If Obama wanted to be honest in attributing mistakes to Sony, it would have been in green lighting that irresponsible dreck in the first place. Even their own execs, for god's sake, were nervous about the violent ending. Even Obama's own Dept. of Homeland Security(according to an LA Times report) warned Sony that the film "could provoke retaliation."
Ultimately, this crap film masquerading as a comedy deserved to be "assassinated" as one commenter put it in a response at Truthdig.com, because it was neither art or free speech. Showing a living leader's head being exploded and burned up in gory full screen color is not anything any normal, sane human grants as "speech" or "art" - any more than money is speech, and a color photo of a heaping pile of hog shit is art.
But it does show how far along our people - including our leaders- have lost their bearings, their good sense and judgment. More evidence as a whole that our nation - thanks to being pumped by PR and propaganda - is gradually losing its collective mind. The critical thought test currently is only passed by those who agree that this film never ought to have seen the light of day - and to date- I have seen only two lone voices in the media, which is otherwise overwhelmed with this 'free speech' and "artistic license" BS.
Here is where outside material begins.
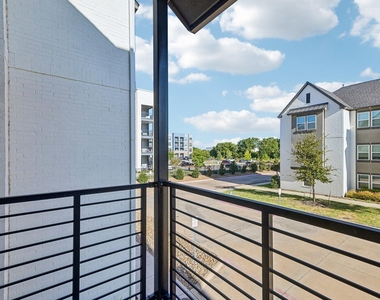 3304 Norris Street - Photo Thumbnail 3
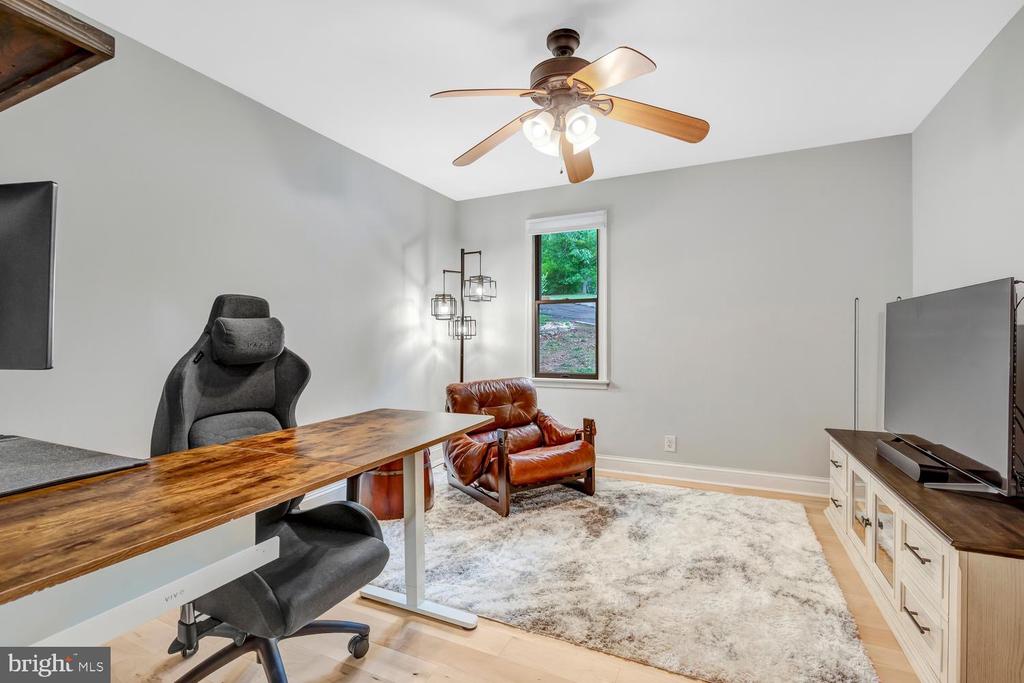 276 DEERHAVEN ROAD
One more point: It would not be wise to instigate a "cyber war" over what one Harvard law prof correctly described as a criminal attack on a lone corporation. Especially as the perceived victim nation does not launch such a war unless it is 100 percent certain all its ducks are cyber-secure and "in a row", including for infrastructure control, power plants and water systems!
See also:
http://www.latimes.com/entertainment/envelope/cotown/la-et-ct-sony-japan-ceo-interview-20141220-story.html
http://brane-space.blogspot.com/2014/12/sony-pictures-should-have-had-sense-not.html
And:
http://brane-space.blogspot.com/2014/12/waaahh-we-caved-in-to-terrists-no.html
And:
http://www.salon.com/2014/12/18/everyone_caved_how_much_of_the_interview_fiasco_is_actually_hollywoods_fault/
Excerpt:
"emails suggest Sony execs remained nervous about the film’s content, especially the ending. On July 9, Lynton wrote to Pascal, “we cannot be cute here,” saying they could work with “no melting face and actually not seeing [Kim Jong-un] die. A look of horror as the fire approaches is probably what we need.” Rogen, while willing to play ball, appears reluctant to completely scuttle the visuals in this Sept. 25 email to Pascal: “There are currently four burn marks on his face. We will take out three of them, leaving only one. We reduce the flaming hair by 50% … The head explosion can’t be more obscured than it is because we honestly feel that if it’s any more obscured you won’t be able to tell its exploding and the joke won’t work.”